We conclude that the trial Judge did not abuse his discretion by denying defense counsel's various requests. Ms. Motley's statement that Pate was dressed in green was disclosed before the parties made their opening statements, and defense counsel was therefore able to incorporate it into his initial address to the jury. Moreover, it appears that Ms. Motley did not provide this information to the prosecutor until the beginning of the trial, and that the prosecutor promptly provided it to the defense. Under these circumstances, we have no basis for faulting the prosecutor for belated disclosure.
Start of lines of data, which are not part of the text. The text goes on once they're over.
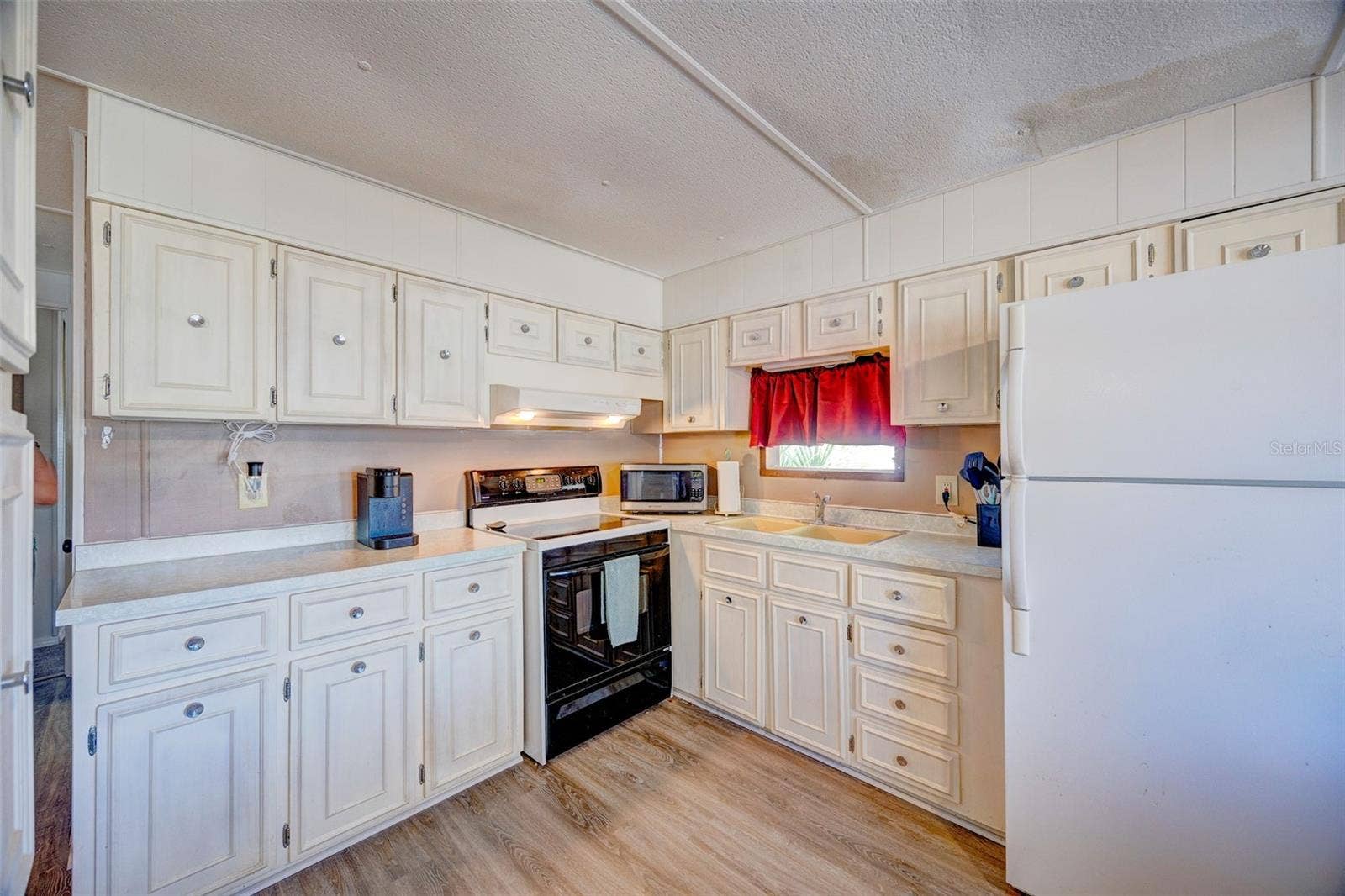 7387 WESTERN CIRCLE DRIVE, Brooksville, FL 34613 7387 WESTERN CIRCLE DRIVE, Brooksville, FL 34613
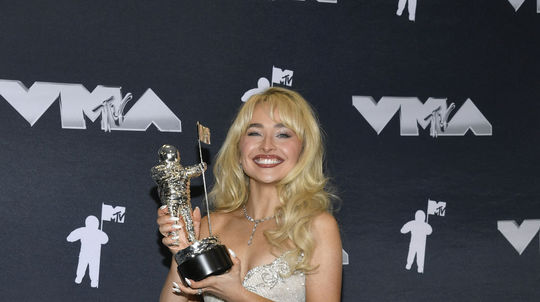 Ocenená Sabrina Carpenter v kreácii od Boba...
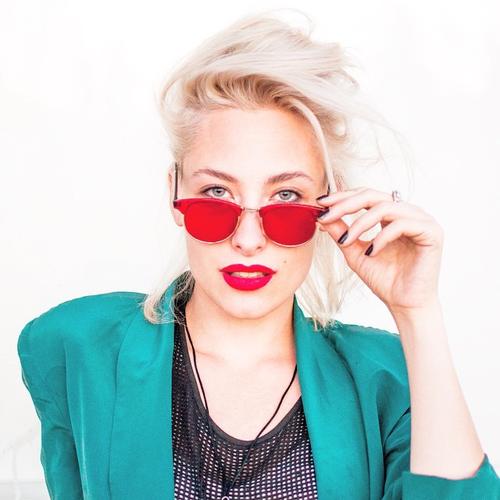Samantha Urbani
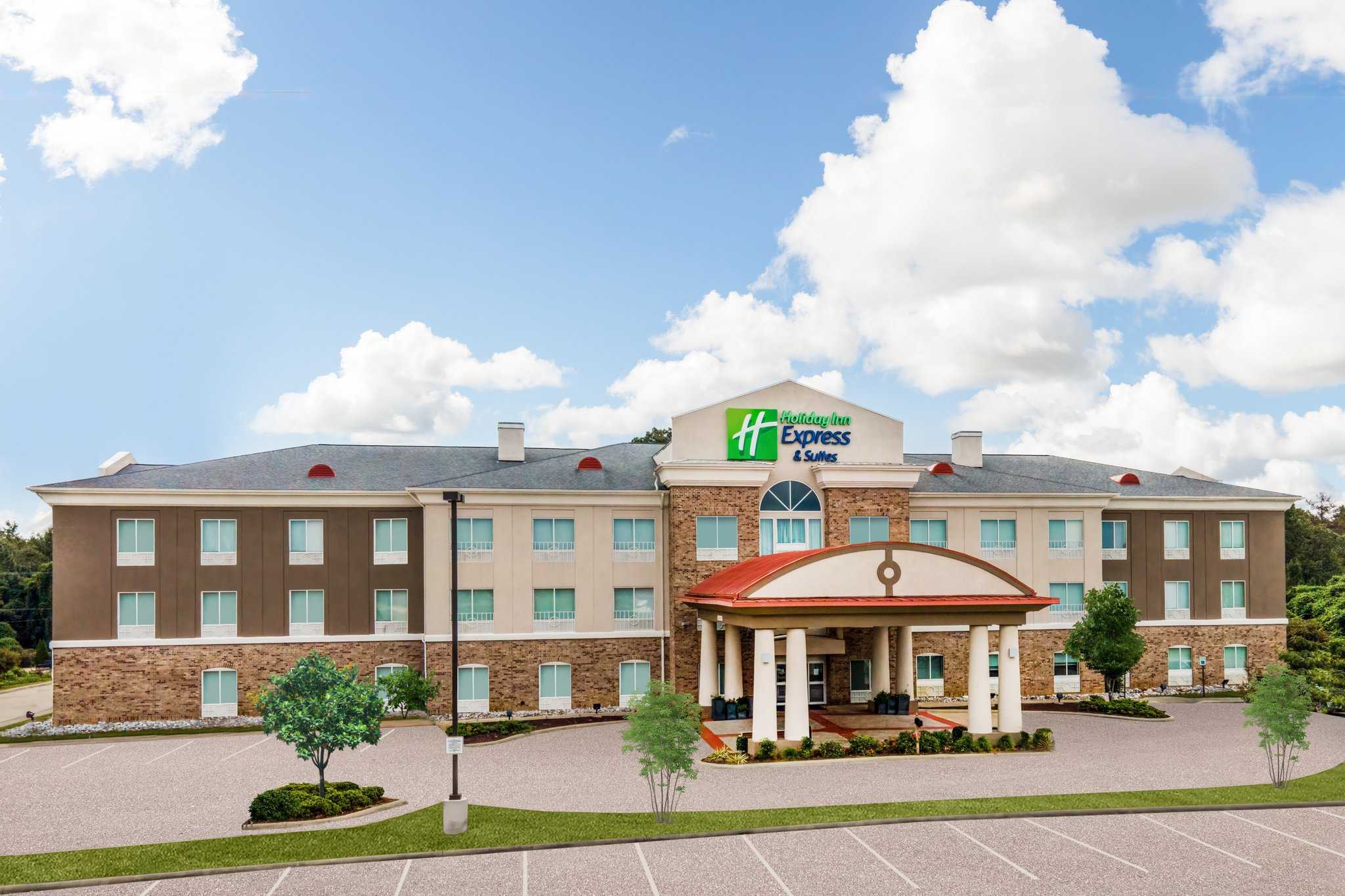 Holiday Inn Express and Suites Winona North в Вайнона, MS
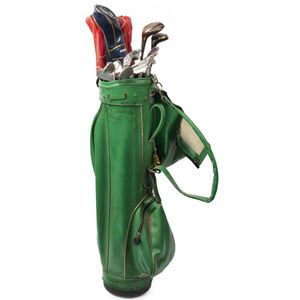Vintage golf clubs, bags and balls - price guide and values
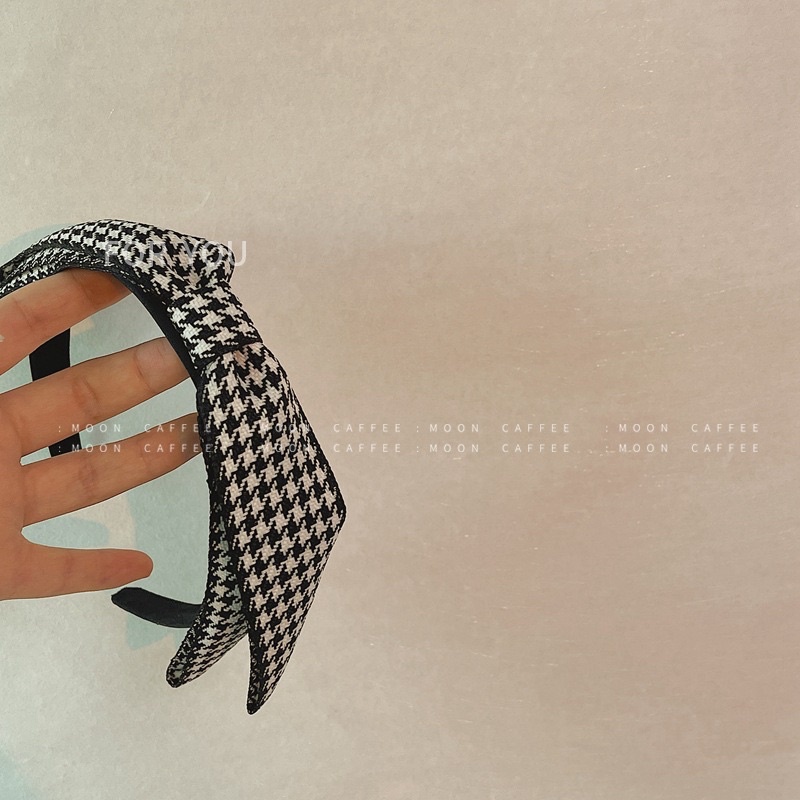 Bờm tóc và nơ kẹp tóc hoạ tiết caro hiện đại BN1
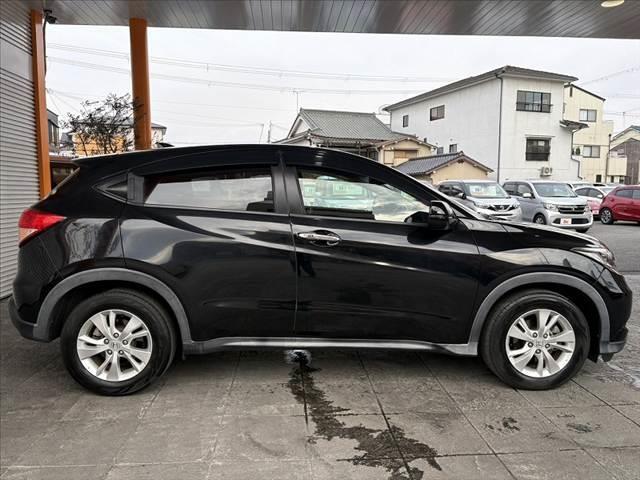 ヴェゼル X・ホンダセンシング 車検整備付 禁煙車 中期 フルセグナビ Bカメラ ETC BT ステリモ Aライト LED 横滑防止 革巻きステア 電動パーキング Aストップ スマキー 電格ミラー シートリフタ 純正16インチAW(12枚目)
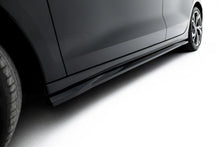 Carica l'immagine nel visualizzatore di Gallery, Diffusori Sotto Minigonne Audi A3 Berlina 8Y Facelift — montato sulla vettura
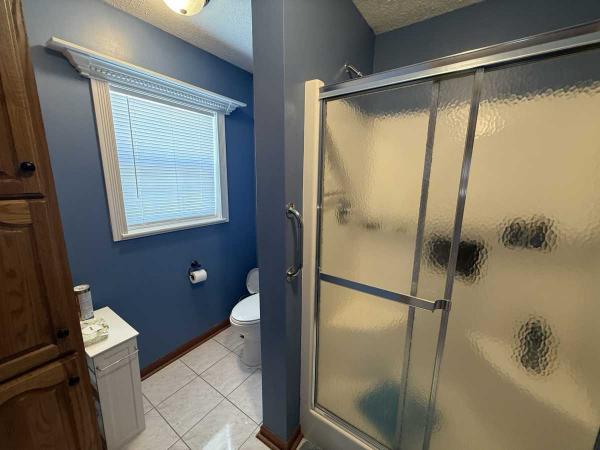 2001 SHAMROCK CUSTOM ORDER Manufactured Home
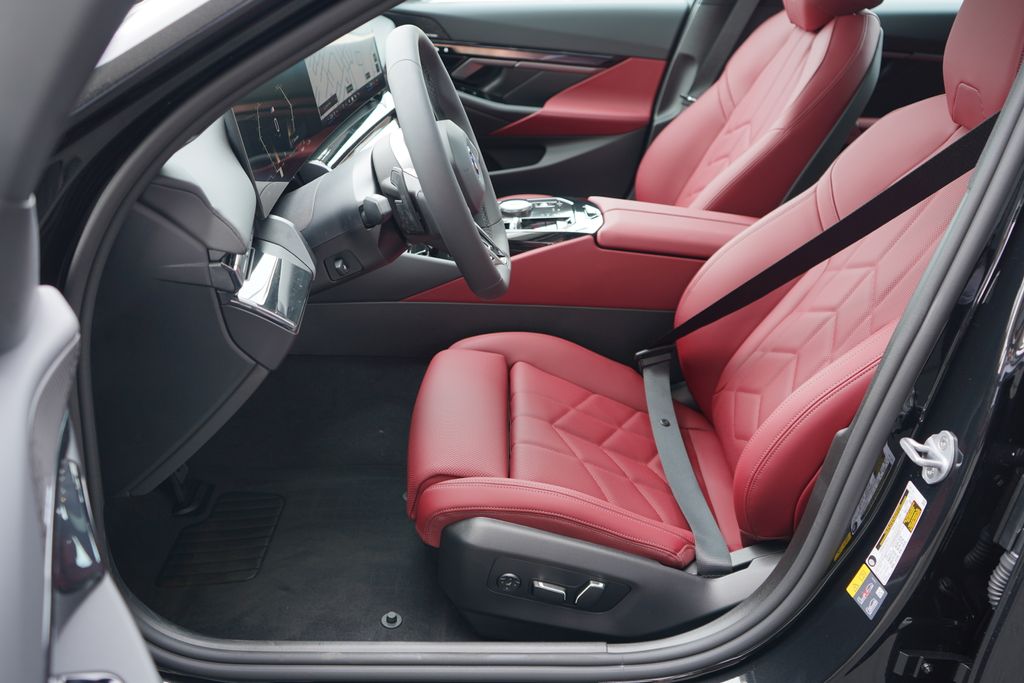 Thumbnail: 2026 BMW i5 - 10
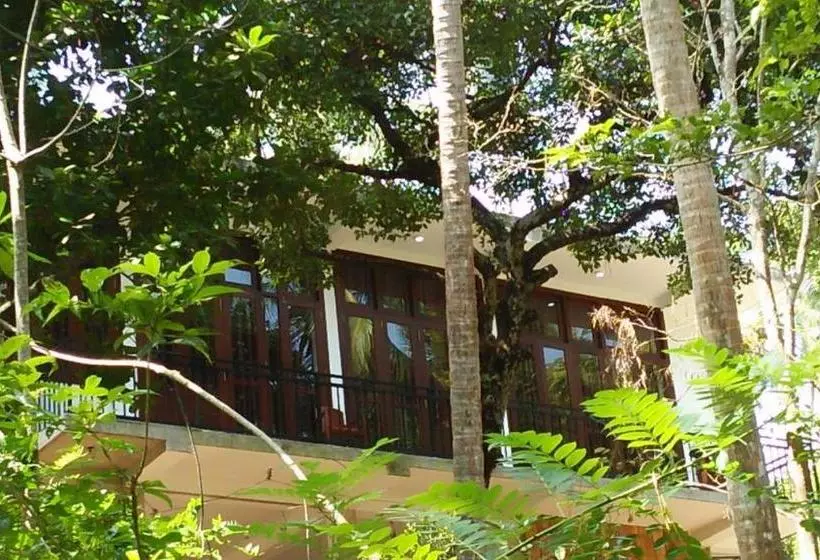 پانسیون Sunworld Villa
Ms. Motley's grand jury testimony to the effect that she had seen Edelen wearing a white shirt presents a more difficult question. That information was not disclosed to the defense until after Edelen's attorney had made his opening statement. Edelen's attorney was thus precluded from pitching his case, from the outset, on the promised evidence not only that Pate was dressed in green, but also that soon after the shooting Edelen was wearing white. Nevertheless, counsel was apprised of Ms. Motley's grand jury testimony before the principal prosecution witnesses took the stand, and he was able to use it in attacking the government's evidence.

Edelen contends that his pretrial preparation would have been different if he had known -- as he claims he was entitled to know -- of Ms. Motley's statements, which arguably tended, at least in modest measure, to exculpate him and to inculpate Pate. We do not find this contention persuasive. Edelen's counsel had ample reason, long before the disclosure of the alleged Brady information, to look for any witness who could testify that he or she saw Pate in green or Edelen in white on the evening that the decedent met her violent end. No such witness (other than Ms. Motley) *fn6 was produced. We also note that, although Edelen was represented by resourceful and conscientious counsel from the Public Defender Service, no motion for a new trial on the basis of newly discovered evidence was ever filed, nor has Edelen tendered, to the present day, any exculpatory statement from any witness whom he discovered on the basis of the belated Brady disclosures.

We emphasize that Edelen's claim of a Brady violation is not a frivolous one. Ms. Motley's grand jury testimony should at least arguably have been provided to the defense much more promptly than it was. Indeed, the government does not contend in this court that its failure to make earlier disclosure was proper. Its decision not to enter the fray on this subject is significant, for we rightly expect prosecutors to resolve all reasonable uncertainty about the potential materiality of exculpatory evidence in favor of prompt disclosure, especially in response to a pointed request -- as here -- for evidence of the very kind in question. See Bagley, 473 U.S. at 682-83 (concurring opinion) (implying that defendant's burden of showing materiality to outcome will be lighter "the more specifically the defense requests certain evidence, thus putting the prosecutor on notice of its value. . . .").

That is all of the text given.